Cependant, à 12 ans, à peine son certificat en poche, son père, inflexible, ne lui accorde même pas un seul jour de repos. Il le fait embaucher, contre sa volonté, dans une scierie. Cette région, dense de forêts de sapins, abritait de nombreuses scieries, où l’on découpait le bois pour en faire des planches. Mon arrièregrand-père se retrouvait là, enfant encore, à scier de lourdes planches, qu’il transformait en caisses, des objets à la fois utilitaires et symboliques de son travail acharné. Il partait de chez lui à vélo, dès l’aube, sa musette au dos, ne contenant qu’un maigre repas qu’il mangeait sur place, sous la pluie ou sous le soleil, sans jamais se plaindre.
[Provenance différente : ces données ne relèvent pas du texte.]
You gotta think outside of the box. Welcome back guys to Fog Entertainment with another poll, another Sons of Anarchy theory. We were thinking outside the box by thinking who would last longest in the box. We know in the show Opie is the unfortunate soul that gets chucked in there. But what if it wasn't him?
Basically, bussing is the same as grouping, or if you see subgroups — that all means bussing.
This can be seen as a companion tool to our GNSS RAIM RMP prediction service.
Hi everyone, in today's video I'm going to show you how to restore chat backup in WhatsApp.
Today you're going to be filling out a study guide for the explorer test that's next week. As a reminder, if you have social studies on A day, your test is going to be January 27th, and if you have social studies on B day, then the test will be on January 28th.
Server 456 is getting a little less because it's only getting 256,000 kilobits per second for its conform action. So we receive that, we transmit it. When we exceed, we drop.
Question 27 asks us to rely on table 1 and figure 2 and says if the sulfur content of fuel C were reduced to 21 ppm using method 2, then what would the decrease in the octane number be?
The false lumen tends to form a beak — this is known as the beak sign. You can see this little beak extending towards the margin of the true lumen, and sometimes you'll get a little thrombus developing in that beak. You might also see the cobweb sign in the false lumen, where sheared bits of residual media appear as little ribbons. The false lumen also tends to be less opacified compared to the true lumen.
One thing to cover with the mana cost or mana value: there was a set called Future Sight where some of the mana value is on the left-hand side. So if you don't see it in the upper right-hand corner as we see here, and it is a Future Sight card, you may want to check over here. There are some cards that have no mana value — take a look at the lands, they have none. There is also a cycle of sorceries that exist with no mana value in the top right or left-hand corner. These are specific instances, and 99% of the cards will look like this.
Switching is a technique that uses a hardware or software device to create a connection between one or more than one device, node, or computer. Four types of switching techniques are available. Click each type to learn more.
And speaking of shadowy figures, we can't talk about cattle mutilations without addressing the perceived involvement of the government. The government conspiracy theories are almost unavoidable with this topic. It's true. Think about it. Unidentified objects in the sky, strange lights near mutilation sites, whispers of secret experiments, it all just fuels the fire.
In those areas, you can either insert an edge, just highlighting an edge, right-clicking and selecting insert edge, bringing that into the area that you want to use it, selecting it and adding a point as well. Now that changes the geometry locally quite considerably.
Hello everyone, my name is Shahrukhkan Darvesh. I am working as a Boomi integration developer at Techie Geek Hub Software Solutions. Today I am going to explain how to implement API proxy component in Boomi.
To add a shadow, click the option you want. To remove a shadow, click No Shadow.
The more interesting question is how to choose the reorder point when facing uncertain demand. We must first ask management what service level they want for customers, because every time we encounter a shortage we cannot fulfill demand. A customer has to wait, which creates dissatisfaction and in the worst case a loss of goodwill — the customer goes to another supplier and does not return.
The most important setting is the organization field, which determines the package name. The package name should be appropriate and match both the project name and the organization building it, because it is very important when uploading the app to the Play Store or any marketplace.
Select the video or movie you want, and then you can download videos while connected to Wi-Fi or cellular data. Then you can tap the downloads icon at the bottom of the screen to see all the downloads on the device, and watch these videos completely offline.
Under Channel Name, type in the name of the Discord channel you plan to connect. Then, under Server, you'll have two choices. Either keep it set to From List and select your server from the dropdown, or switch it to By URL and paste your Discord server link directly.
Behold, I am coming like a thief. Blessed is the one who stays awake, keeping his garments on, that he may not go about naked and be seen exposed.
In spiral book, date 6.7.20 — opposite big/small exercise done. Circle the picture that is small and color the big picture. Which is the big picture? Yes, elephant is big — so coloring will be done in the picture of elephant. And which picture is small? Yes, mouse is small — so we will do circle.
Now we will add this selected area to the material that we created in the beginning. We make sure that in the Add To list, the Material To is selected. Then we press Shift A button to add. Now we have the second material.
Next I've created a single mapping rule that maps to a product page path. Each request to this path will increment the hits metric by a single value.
Les journées de travail, interminables, duraient huit heures, et l’âme des enfants, comme celle de mon grand-père, n’était guère épargnée. Les enfants de la région étaient traités durement : leur salaire, aussi maigre fût-il, était immédiatement remis aux parents, sans le moindre retour pour euxmêmes. Et quand le salaire devenait insuffisant pour subvenir aux besoins familiaux, son père trouvait un autre patron, plus exigeant encore, et ainsi de suite.

Dans cette fratrie, il n’était pas le seul à être en prise avec l’avenir. Son demi-frère, plus âgé, eut la chance d’entrer en apprentissage chez un horloger à Nancy, une chance qui allait profondément changer le cours des choses. Dans cette ville, il apprit le métier d’horloger, mais bien plus que cela. Il développa une passion pour la technique, la précision et la mécanique. Cette expérience, il la transmit généreusement à Robert. Ensemble, ils s’initient à un domaine nouveau, fascinant : la radio, et au cinéma. Ils s’improvisent ingénieurs et créateurs, fabriquant une caméra et un projecteur, qu’ils utilisaient pour tourner leurs propres films comiques. Un projet qui leur valut une reconnaissance locale. Ils projetaient leurs films dans le café du village, rendant à la simple projection une forme de magie. Leur réputation grandit, et bientôt, Robert réussira à arrondir ses fins de mois en capturant des instants de vie pour les familles, immortalisant des sourires et des souvenirs dans des photographies, tout en continuant à rêver d’autres inventions.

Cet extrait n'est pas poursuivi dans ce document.